What Church Media Costs at Different Scales
Small congregations (under 100 members). A basic, reliable live streaming setup — one camera, audio from the soundboard, encoder configured for YouTube and Facebook — is achievable for $1,500–$3,500 in equipment and a few hours of configuration and training. The goal at this scale is consistency, not production value. A stream that works every Sunday is worth more than a complex system that fails intermittently.
Mid-size congregations (100–500 members). At this scale, the infrastructure is often present but not working cohesively — cameras were added over time, the switcher is underpowered, audio mixing is inconsistent. A $5,000–$15,000 infrastructure refresh and reorganization project typically produces dramatically better output than incremental additions. This is also the scale where dedicated part-time media staff or serious volunteer training investment starts paying off.
Larger congregations (500+ members). Multi-camera broadcast environments, ProPresenter integration, dedicated audio production, and the infrastructure to support multiple services, campuses, or high-production events. Investment in this range scales with ambition and budget — from $20,000 infrastructure improvements to full production suite builds at $100,000+.
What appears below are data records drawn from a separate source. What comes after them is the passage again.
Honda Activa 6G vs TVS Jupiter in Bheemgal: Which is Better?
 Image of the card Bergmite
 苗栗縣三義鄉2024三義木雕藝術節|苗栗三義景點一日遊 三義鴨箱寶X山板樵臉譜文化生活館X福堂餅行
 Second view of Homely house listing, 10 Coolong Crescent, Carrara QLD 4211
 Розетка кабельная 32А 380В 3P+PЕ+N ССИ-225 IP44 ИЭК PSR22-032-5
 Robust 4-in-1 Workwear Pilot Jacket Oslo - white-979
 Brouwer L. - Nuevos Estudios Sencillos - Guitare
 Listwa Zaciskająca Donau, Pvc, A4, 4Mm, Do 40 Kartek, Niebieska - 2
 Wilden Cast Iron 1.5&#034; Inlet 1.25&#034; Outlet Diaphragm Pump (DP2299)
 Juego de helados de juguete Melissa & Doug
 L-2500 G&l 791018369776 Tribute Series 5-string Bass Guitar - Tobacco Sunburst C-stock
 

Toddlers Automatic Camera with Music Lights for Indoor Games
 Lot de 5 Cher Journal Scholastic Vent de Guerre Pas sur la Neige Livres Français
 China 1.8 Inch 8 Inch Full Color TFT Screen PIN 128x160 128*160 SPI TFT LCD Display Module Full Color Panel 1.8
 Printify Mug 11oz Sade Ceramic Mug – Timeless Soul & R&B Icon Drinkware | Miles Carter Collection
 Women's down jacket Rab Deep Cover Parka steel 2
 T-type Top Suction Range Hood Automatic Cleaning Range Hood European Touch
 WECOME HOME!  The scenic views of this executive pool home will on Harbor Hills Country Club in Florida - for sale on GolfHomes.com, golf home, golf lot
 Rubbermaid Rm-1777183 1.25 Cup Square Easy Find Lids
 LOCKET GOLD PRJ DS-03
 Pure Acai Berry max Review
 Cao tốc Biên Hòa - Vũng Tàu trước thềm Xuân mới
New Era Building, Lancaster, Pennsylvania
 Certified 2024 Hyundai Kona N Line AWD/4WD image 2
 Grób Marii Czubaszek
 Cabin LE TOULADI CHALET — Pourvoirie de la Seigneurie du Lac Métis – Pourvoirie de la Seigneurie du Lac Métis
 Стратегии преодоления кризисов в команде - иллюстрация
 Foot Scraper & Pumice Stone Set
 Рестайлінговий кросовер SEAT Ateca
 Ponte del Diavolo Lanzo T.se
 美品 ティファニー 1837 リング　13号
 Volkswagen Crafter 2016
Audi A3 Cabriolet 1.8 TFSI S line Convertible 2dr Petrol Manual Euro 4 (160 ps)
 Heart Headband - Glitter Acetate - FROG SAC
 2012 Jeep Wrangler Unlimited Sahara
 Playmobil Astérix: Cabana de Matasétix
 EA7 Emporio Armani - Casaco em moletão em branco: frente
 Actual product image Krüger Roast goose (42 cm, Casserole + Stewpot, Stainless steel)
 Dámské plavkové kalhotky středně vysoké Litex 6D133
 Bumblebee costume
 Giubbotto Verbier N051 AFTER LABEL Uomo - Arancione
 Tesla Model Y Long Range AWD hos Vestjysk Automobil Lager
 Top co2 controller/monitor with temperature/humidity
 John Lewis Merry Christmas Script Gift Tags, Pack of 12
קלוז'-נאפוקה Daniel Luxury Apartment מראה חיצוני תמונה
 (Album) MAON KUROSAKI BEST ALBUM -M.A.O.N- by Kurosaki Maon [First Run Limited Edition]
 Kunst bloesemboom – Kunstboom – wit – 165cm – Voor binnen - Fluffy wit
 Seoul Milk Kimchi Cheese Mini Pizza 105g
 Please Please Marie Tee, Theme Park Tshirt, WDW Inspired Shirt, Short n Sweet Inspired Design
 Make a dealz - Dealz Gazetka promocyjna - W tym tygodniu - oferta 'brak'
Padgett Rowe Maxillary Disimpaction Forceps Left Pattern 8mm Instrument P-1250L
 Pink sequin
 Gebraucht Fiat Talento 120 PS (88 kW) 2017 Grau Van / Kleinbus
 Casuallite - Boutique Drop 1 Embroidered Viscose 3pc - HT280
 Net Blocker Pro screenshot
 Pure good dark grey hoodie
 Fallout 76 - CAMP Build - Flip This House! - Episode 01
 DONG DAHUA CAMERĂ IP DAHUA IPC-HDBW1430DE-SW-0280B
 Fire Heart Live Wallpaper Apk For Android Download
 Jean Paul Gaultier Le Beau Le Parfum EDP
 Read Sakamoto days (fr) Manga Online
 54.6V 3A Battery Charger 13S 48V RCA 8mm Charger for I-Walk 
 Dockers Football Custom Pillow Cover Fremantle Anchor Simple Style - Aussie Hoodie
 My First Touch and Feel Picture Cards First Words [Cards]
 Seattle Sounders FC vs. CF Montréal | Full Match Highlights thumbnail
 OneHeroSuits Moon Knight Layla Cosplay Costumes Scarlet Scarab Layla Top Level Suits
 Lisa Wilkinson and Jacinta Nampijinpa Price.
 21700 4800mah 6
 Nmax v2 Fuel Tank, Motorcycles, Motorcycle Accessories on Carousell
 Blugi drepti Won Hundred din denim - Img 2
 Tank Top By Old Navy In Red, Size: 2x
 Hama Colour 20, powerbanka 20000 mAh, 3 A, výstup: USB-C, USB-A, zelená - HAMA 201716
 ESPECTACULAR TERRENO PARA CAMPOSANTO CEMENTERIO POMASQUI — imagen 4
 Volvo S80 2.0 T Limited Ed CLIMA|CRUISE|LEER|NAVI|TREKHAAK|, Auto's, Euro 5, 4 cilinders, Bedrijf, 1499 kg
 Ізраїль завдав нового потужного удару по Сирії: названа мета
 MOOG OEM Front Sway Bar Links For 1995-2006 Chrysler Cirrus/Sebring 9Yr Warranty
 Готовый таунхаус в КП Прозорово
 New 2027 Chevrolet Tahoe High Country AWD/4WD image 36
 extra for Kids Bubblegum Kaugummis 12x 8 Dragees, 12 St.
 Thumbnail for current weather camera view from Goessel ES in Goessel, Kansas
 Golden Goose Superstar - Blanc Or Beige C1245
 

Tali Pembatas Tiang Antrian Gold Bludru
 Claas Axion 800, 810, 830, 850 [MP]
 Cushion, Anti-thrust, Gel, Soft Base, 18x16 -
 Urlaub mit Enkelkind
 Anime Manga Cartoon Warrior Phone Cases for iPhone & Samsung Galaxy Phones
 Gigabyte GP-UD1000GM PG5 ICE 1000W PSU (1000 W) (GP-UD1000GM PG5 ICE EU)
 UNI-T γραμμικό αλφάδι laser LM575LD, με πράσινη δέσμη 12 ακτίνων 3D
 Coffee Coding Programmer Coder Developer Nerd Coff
Ongoing services — social media management, sermon clip production, photography, web maintenance — are scoped based on congregation size and output frequency. We're transparent about ministry pricing and will tell you directly if a service doesn't make sense for your budget or scale.
Platforms: YouTube, Facebook, and Church-Specific Options
YouTube is the most important platform for most churches. It's both a streaming platform and a search engine — services posted there are discoverable for years after broadcast. A person searching for a church in your city will find YouTube videos before they find your website. YouTube also provides the most reliable free streaming infrastructure available and the best archival options.
Facebook Live remains the fastest way to reach your existing congregation — the people who are already connected to your church page. For announcements, special services, and events targeted at your current community, Facebook is often more effective than YouTube. The platforms serve different audiences and both are worth maintaining.
Church-specific platforms — Resi, Boxcast, Church Online Platform — add ministry-specific features: embedded players for your church website, giving integration, prayer request forms, and online campus tools that build community around your digital presence. These cost money but solve problems that YouTube and Facebook don't address. The right choice depends on how important the online campus experience is to your ministry model.
The Volunteer Production Team Problem
Most churches with more than 150 people have a volunteer production team — a group of dedicated people doing their best with equipment they may not fully understand, in a role that has no margin for error on Sunday morning. This is both the church's greatest media asset and its most significant media liability.
The solution isn't replacing volunteers with staff (though at sufficient scale, that becomes appropriate). It's building systems that volunteers can operate confidently — equipment that's designed for their skill level, runsheets that make every Sunday predictable, documentation that survives volunteer turnover, and intentional training that builds the team's capability over time.
We design church media systems with volunteer operators as the primary user. Not the theoretical volunteer who learns everything and stays forever — the actual volunteer who has a full-time job, joins the team mid-season, and needs to be able to run Sunday morning with the runsheet and fifteen minutes of orientation. That design philosophy produces systems that actually work week after week.